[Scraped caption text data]
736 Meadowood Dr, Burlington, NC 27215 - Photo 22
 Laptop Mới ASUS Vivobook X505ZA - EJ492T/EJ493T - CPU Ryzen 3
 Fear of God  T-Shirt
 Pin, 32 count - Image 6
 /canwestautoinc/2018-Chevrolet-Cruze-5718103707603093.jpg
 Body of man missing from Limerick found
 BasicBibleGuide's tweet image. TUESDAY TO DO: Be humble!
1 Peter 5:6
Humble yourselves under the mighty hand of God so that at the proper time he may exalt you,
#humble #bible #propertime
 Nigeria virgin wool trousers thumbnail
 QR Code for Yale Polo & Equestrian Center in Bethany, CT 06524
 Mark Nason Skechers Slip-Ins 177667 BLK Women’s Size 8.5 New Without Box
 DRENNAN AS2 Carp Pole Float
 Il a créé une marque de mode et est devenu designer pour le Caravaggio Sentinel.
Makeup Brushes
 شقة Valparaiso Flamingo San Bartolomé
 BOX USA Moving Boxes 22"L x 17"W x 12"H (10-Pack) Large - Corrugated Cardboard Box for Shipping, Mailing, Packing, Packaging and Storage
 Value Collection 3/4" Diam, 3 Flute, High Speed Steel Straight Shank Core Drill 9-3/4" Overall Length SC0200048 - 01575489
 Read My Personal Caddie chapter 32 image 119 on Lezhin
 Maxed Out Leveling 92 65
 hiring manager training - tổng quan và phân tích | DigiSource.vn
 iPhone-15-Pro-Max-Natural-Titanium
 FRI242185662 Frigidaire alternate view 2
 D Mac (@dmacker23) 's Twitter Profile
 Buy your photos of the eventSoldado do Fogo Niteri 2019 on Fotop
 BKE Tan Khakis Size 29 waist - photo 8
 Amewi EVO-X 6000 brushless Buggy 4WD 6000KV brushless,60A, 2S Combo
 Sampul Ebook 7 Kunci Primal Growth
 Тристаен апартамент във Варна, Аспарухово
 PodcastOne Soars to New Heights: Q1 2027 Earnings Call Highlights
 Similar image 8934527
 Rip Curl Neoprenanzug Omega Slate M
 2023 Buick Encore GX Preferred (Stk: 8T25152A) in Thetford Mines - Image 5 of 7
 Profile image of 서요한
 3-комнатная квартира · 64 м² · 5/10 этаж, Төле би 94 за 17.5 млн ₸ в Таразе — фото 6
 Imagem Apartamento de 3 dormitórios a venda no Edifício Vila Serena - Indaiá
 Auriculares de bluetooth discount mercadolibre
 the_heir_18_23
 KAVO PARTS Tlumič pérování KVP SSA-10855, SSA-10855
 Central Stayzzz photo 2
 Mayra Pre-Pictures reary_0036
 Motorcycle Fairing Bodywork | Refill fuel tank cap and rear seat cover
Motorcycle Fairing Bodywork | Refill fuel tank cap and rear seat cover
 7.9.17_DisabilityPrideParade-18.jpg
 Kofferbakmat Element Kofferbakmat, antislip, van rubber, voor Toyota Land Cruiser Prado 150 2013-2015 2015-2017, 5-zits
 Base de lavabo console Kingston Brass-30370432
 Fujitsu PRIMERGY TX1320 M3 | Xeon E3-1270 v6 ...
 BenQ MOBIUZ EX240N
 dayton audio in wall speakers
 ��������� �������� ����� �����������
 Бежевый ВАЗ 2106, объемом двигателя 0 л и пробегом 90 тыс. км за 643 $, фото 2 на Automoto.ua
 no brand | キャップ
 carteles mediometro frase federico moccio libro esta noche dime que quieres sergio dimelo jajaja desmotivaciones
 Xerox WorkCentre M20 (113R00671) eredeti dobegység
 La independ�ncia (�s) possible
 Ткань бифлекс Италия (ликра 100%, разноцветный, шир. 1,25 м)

What you need to do: All of the data above should be output exactly.

Answer to the problem:
736 Meadowood Dr, Burlington, NC 27215 - Photo 22
 Laptop Mới ASUS Vivobook X505ZA - EJ492T/EJ493T - CPU Ryzen 3
 Fear of God  T-Shirt
 Pin, 32 count - Image 6
 /canwestautoinc/2018-Chevrolet-Cruze-5718103707603093.jpg
 Body of man missing from Limerick found
 BasicBibleGuide's tweet image. TUESDAY TO DO: Be humble!
1 Peter 5:6
Humble yourselves under the mighty hand of God so that at the proper time he may exalt you,
#humble #bible #propertime
 Nigeria virgin wool trousers thumbnail
 QR Code for Yale Polo & Equestrian Center in Bethany, CT 06524
 Mark Nason Skechers Slip-Ins 177667 BLK Women’s Size 8.5 New Without Box
 DRENNAN AS2 Carp Pole Float
 Il a créé une marque de mode et est devenu designer pour le Caravaggio Sentinel.
Makeup Brushes
 شقة Valparaiso Flamingo San Bartolomé
 BOX USA Moving Boxes 22"L x 17"W x 12"H (10-Pack) Large - Corrugated Cardboard Box for Shipping, Mailing, Packing, Packaging and Storage
 Value Collection 3/4" Diam, 3 Flute, High Speed Steel Straight Shank Core Drill 9-3/4" Overall Length SC0200048 - 01575489
 Read My Personal Caddie chapter 32 image 119 on Lezhin
 Maxed Out Leveling 92 65
 hiring manager training - tổng quan và phân tích | DigiSource.vn
 iPhone-15-Pro-Max-Natural-Titanium
 FRI242185662 Frigidaire alternate view 2
 D Mac (@dmacker23) 's Twitter Profile
 Buy your photos of the eventSoldado do Fogo Niteri 2019 on Fotop
 BKE Tan Khakis Size 29 waist - photo 8
 Amewi EVO-X 6000 brushless Buggy 4WD 6000KV brushless,60A, 2S Combo
 Sampul Ebook 7 Kunci Primal Growth
 Тристаен апартамент във Варна, Аспарухово
 PodcastOne Soars to New Heights: Q1 2027 Earnings Call Highlights
 Similar image 8934527
 Rip Curl Neoprenanzug Omega Slate M
 2023 Buick Encore GX Preferred (Stk: 8T25152A) in Thetford Mines - Image 5 of 7
 Profile image of 서요한
 3-комнатная квартира · 64 м² · 5/10 этаж, Төле би 94 за 17.5 млн ₸ в Таразе — фото 6
 Imagem Apartamento de 3 dormitórios a venda no Edifício Vila Serena - Indaiá
 Auriculares de bluetooth discount mercadolibre
 the_heir_18_23
 KAVO PARTS Tlumič pérování KVP SSA-10855, SSA-10855
 Central Stayzzz photo 2
 Mayra Pre-Pictures reary_0036
 Motorcycle Fairing Bodywork | Refill fuel tank cap and rear seat cover
Motorcycle Fairing Bodywork | Refill fuel tank cap and rear seat cover
 7.9.17_DisabilityPrideParade-18.jpg
 Kofferbakmat Element Kofferbakmat, antislip, van rubber, voor Toyota Land Cruiser Prado 150 2013-2015 2015-2017, 5-zits
 Base de lavabo console Kingston Brass-30370432
 Fujitsu PRIMERGY TX1320 M3 | Xeon E3-1270 v6 ...
 BenQ MOBIUZ EX240N
 dayton audio in wall speakers
 ��������� �������� ����� �����������
 Бежевый ВАЗ 2106, объемом двигателя 0 л и пробегом 90 тыс. км за 643 $, фото 2 на Automoto.ua
 no brand | キャップ
 carteles mediometro frase federico moccio libro esta noche dime que quieres sergio dimelo jajaja desmotivaciones
 Xerox WorkCentre M20 (113R00671) eredeti dobegység
 La independ�ncia (�s) possible
 Ткань бифлекс Италия (ликра 100%, разноцветный, шир. 1,25 м)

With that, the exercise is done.